John Cameron argues that ‘in the context of low levels of public engagement in the global North with issues of global injustice, the strategic use of humour is a risk worth taking’.73 However, I argue that the current use of humour in humanitarian communication deflects attention towards celebrating a temporary subversion. Humanitarian NGOs’ adoption of humour in the context of their public engagement work can be understood in relation to Mikhail Bakhtin’s discussion of the carnival as folk-humour. For the carnival only suspends dominant hierarchies, it is a ‘celebrated temporary liberation from the prevailing truth and from the established order’.74 The carnival, like the humour used in NGO campaigns, does not permeate all spaces. It achieves visibility only when ‘permitted by the culture which is operating these hierarchies as norms, [which] leads us to see carnival’s long term effect as constraining rather than liberating’.75 Humanitarian NGOs satirise their communication practices on their own terms. While they offer a degree of self-deprecating humour, by parodying their communication traits of starving children, celebrities and dramatic music, this rarely results in a change in how they communicate poverty more widely.
While digital interactions can be archived, the rapid change in users’ Facebook News Feeds contributes to NGO communication occupying only a temporal position of visibility. The architecture of Facebook, in particular the algorithmic selection of the News Feed content, is both the ‘gatekeeper’ and ‘governor’ of visibility. The implicit ideology of Facebook to be a network of positive sentiments has produced a new code of conduct for NGOs. To achieve visibility, humanitarian communications need to be ‘likeable’, which has resulted in NGOs changing their visual communications. However, while the communication becomes visible to a wider audience, people living in poverty still remain invisible within humorous communications that rely on the same framework of stereotypes.
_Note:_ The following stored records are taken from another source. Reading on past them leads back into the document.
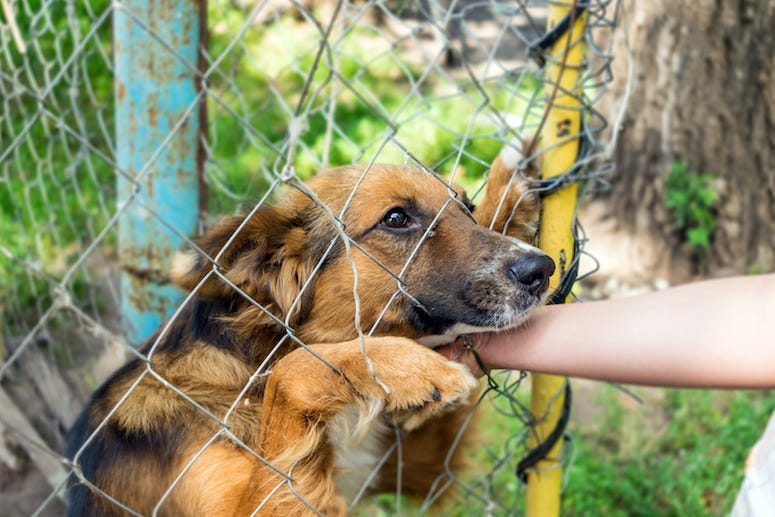Dog, Outdoor Shelter, Human Hand, Sad, Cute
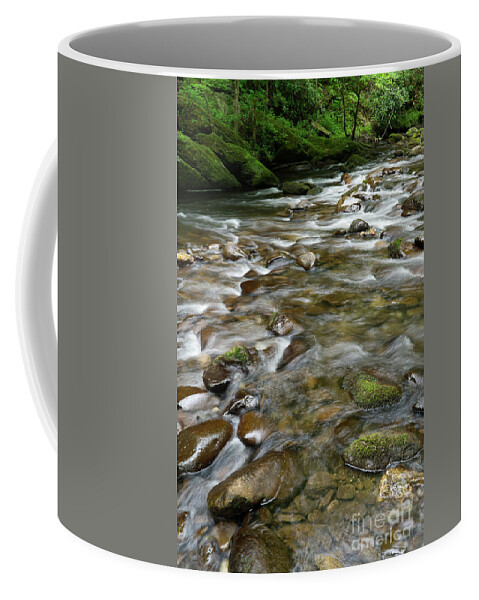 Middle Prong Little River Coffee Mug featuring the photograph Middle Prong Little River 64 by Phil Perkins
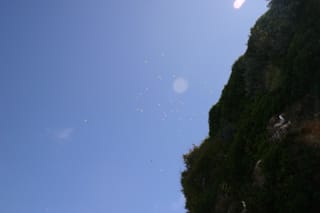 IMG_7316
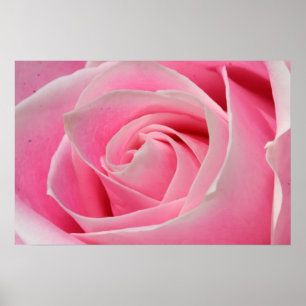 Póster Luz - rosa 01 do rosa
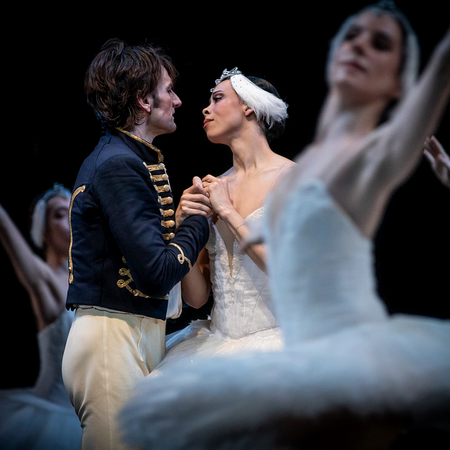 Image of: I just saw Swan Lake for the first time — now I have questions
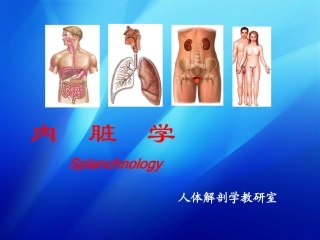 内脏学总论+消化系统huang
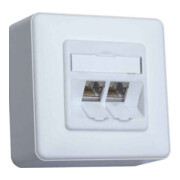 BTR NETCOM Anschlussdose C6Amodul AP 2Port 180 AP,rws TN C6Amod-2AP-180rw-3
Time-based actions are promoted by NGOs as a ‘moment’ to act, which is both quick and immediate. The commercial ideology of the Facebook platform promotes transactional and numerical modes of citizenship, in which public engagement is quantitatively measured by NGOs, similar to fundraising campaigns.76 In doing so, action is orientated towards ‘endorsements’ of NGO-produced communication, not communicative exchanges between publics or people living in poverty. Everyday practices on Facebook contribute to users ‘presencing’ themselves as actors within NGO campaigns. My interviewees identified Facebook as a space of mobilisation. The visibility of their actions, such as ‘liking’ and ‘sharing’ NGO communication, contributes to establishing support for a campaign. Users’ self-expression of compassion on issues of global poverty has also taken a turn towards the ‘positive’ with participation being conveyed as ‘joyful’.